The Social Security Agreement is good news for U.S. citizens working in Japan for U.S. companies and their employers - as well as for Japanese citizens working in the United States for Japanese companies - because it eliminates significant social insurance taxes and makes it easier to qualify for benefits in each country when a person has divided his or her career between the United States and Japan. The agreement is also good for direct investment, trade and business between the United States and Japan. U.S. Ambassador to Japan Howard H. Baker, Jr. has said: "The U.S.-Japan Social Security Agreement is not only good for U.S. business in Japan, it will also have a salutary effect on Japanese direct investment in the United States because it reduces a significant cost of doing business in our country."

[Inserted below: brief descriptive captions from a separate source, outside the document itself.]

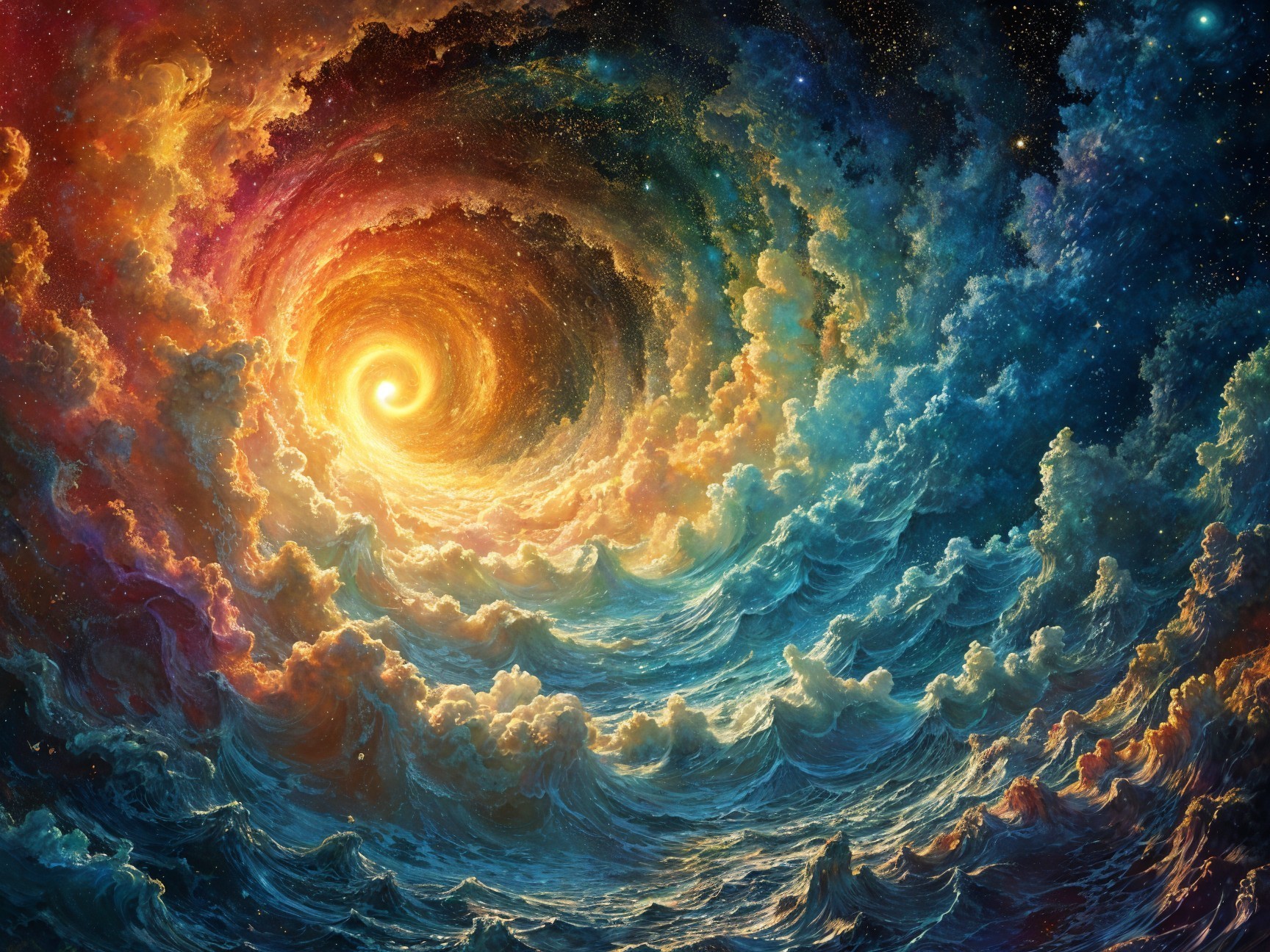 Vibrant Cosmic Scene with Swirling Colors and Waves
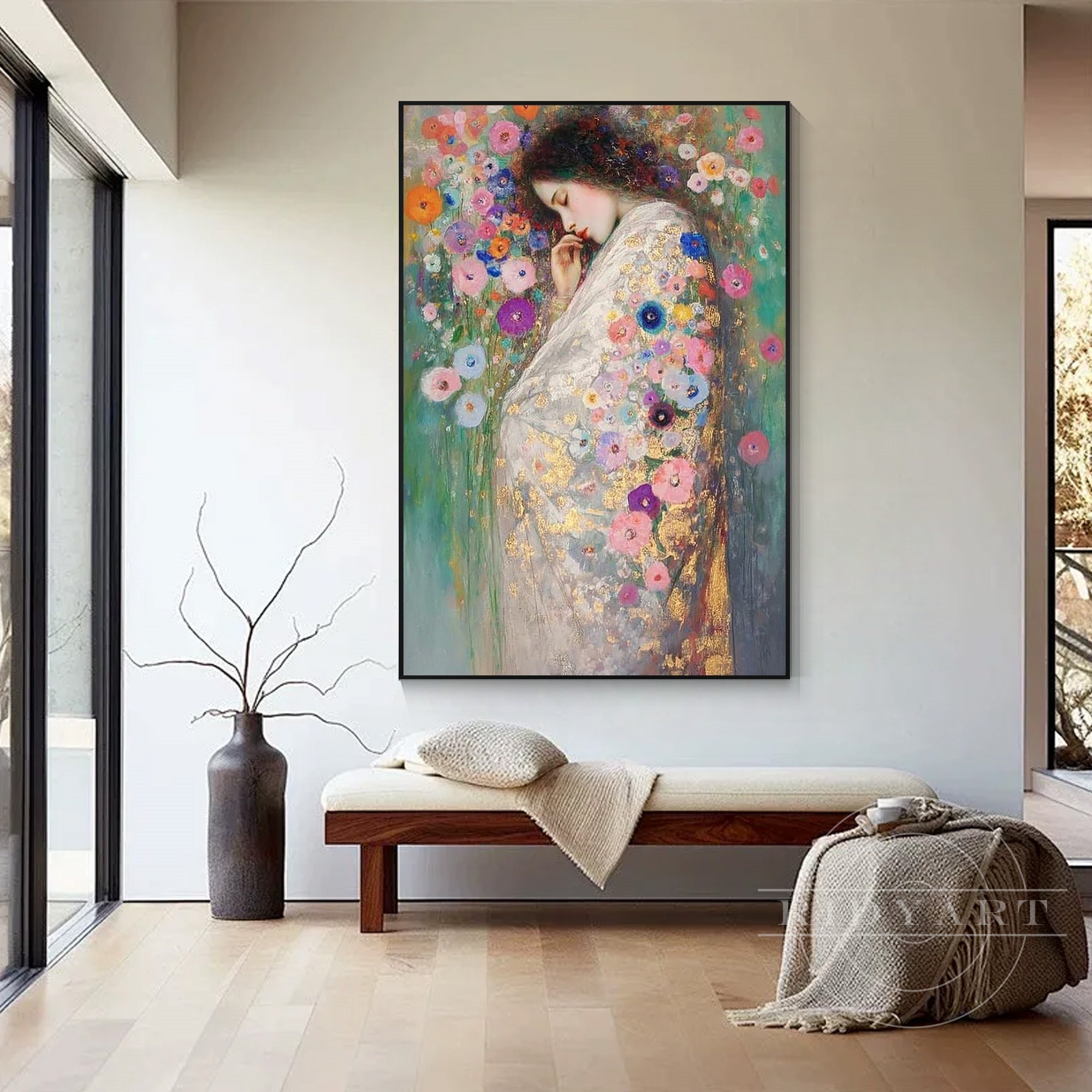 dreamy pastel artwork with flowers and feminine details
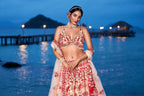 House of Panchhi Peach Net Sequins, Mirror And Thread Embroidery Lehenga Choli & Dupatta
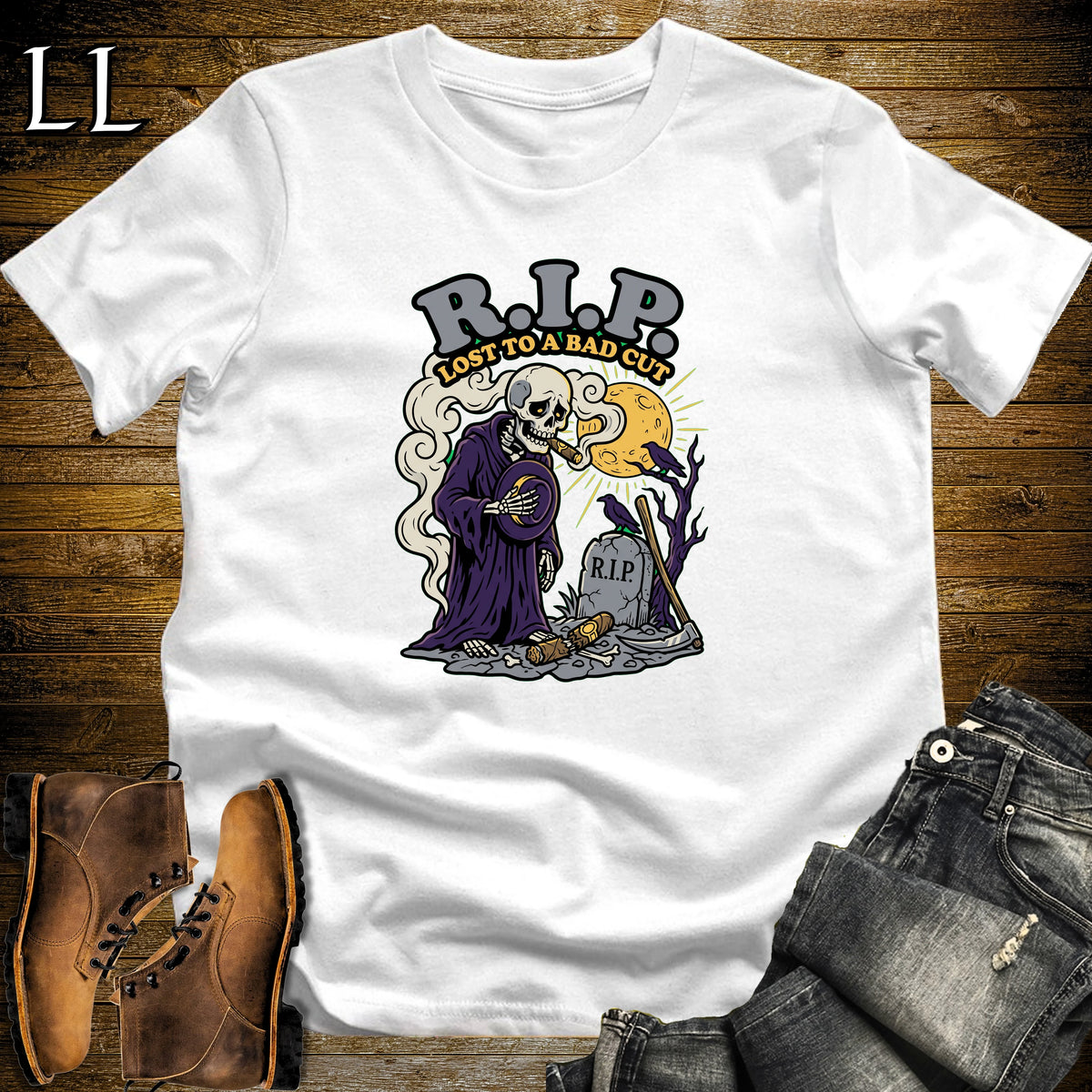 RIP Bad Cut Skeleton Mourning Cigar T-Shirt White | Halloween Cigar Tee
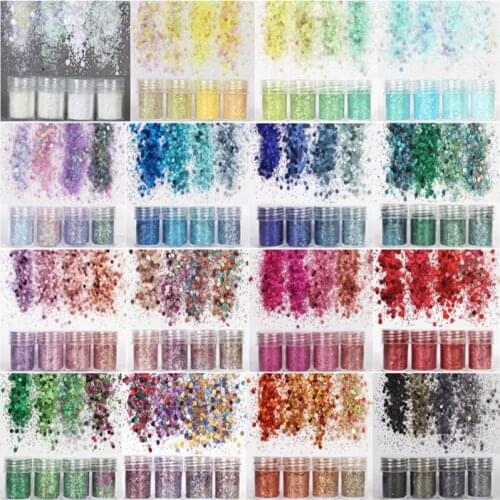 4 bottles Dreamlike Glitter Powder Stuff for Resin DIY Jewelry Filling Nail Art Decoration 1mm Bling Sequins Craft Accessories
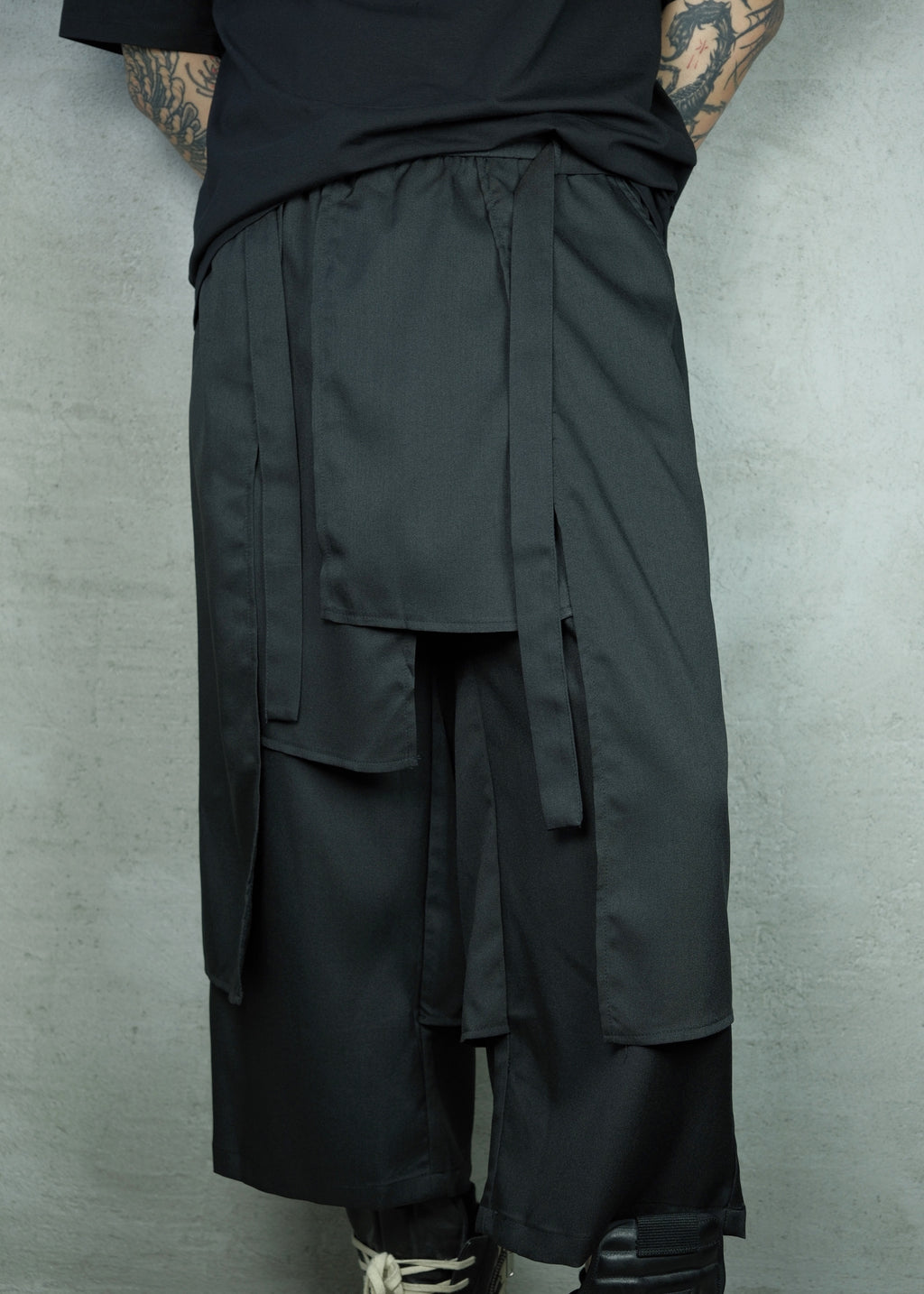Layered Asymmetric Wide-Leg Trousers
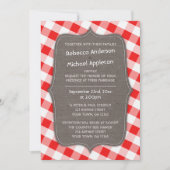Rood & Wit Gingham Canvas Bruiloft uitnodigingen (Voorkant)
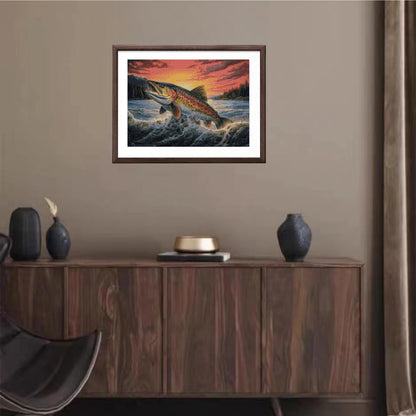 Trout Fish Jump from Water Sunset DIY 5D Diamond Art Painting by Number Kits for Adults Paint with Round Full Drill Diamond Gems Painting Art Craft for Home Wall Decor 11.8x15.8in(1)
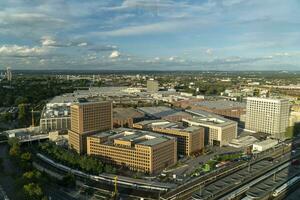 aerial view of Cologne Koelnmesse and railway tracks photo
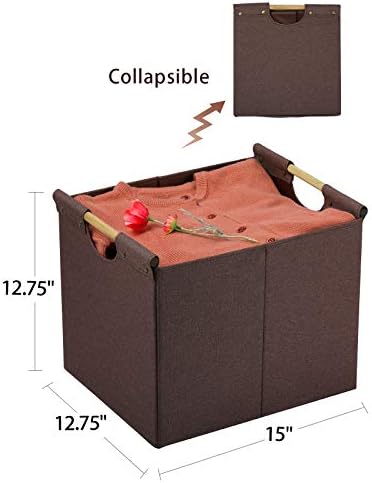 HOONEX Large Collapsible Storage Bins, Linen Fabric, 2 Pack, Storage Baskets with Wooden Carry Handles and Sturdy Heavy Cardboard, for Home, Office, Car, Nursery, Brown - Image 3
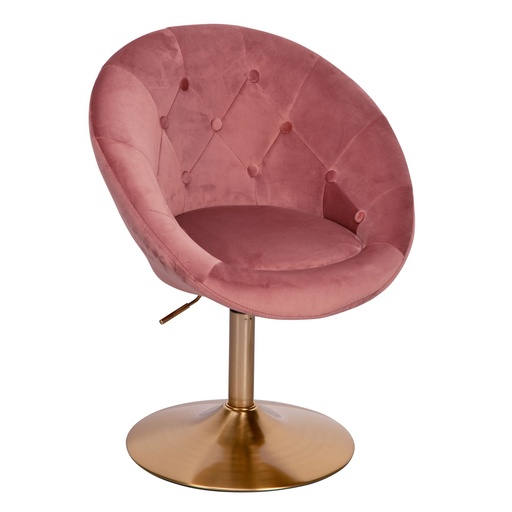 [A10084] Chaise longue velours rose / or chaise pivotante design avec dossier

The U.S.-Japanese Social Security Agreement provides for the elimination of dual coverage of the same work under the social security systems of the United States and Japan, and for combining credits earned by a worker under the two systems for benefit eligibility purposes.

In principle, employees who are temporarily transferred by their employer in one country to work in the other country for a period of five years or less would be covered only in their home country. In all other cases, the employee, in principle, would be covered only in the country where the work is performed. Thus, a person working for a U.S. employer who is temporarily transferred by that employer to Japan would only be covered under and pay contributions to the U.S. program. The employer and employee would be relieved of the additional burden of paying social security contributions to the Japanese program.

In addition to eliminating dual coverage, the agreement will help prevent situations where workers suffer a loss of benefit rights because they have divided their careers between the United States and Japan.

Under the rules that apply to the United States, if a person has credit for at least six quarters of coverage under the U.S. Social Security system but not enough credits to qualify for a retirement, survivors or disability benefit, the person's coverage credits from both the United States and Japan could be totalized (i.e., combined) to permit him or her to qualify for a partial U.S. benefit. The benefit amount payable to a person who qualifies based on totalized credits would be proportional to the amount of coverage completed in United States.

Under the agreement, if a worker has earned some Japanese coverage, but not enough to qualify for Japanese benefits, Japan would add U.S. quarters of coverage to periods of Japanese coverage to determine whether a worker meets the applicable coverage requirements for retirement, survivors or disability benefits under the Japanese social security system. The benefit amount of a person who qualifies based on totalized credits would be proportional to the amount of coverage completed in Japan.

The agreement must now be reviewed by the legislatures of both countries. Assuming no delays during the review process, the Social Security Administration estimates that the agreement could enter into force by the end of 2005. Copies of the agreement will be available on the SSA website once it is submitted to the U.S. Congress for review.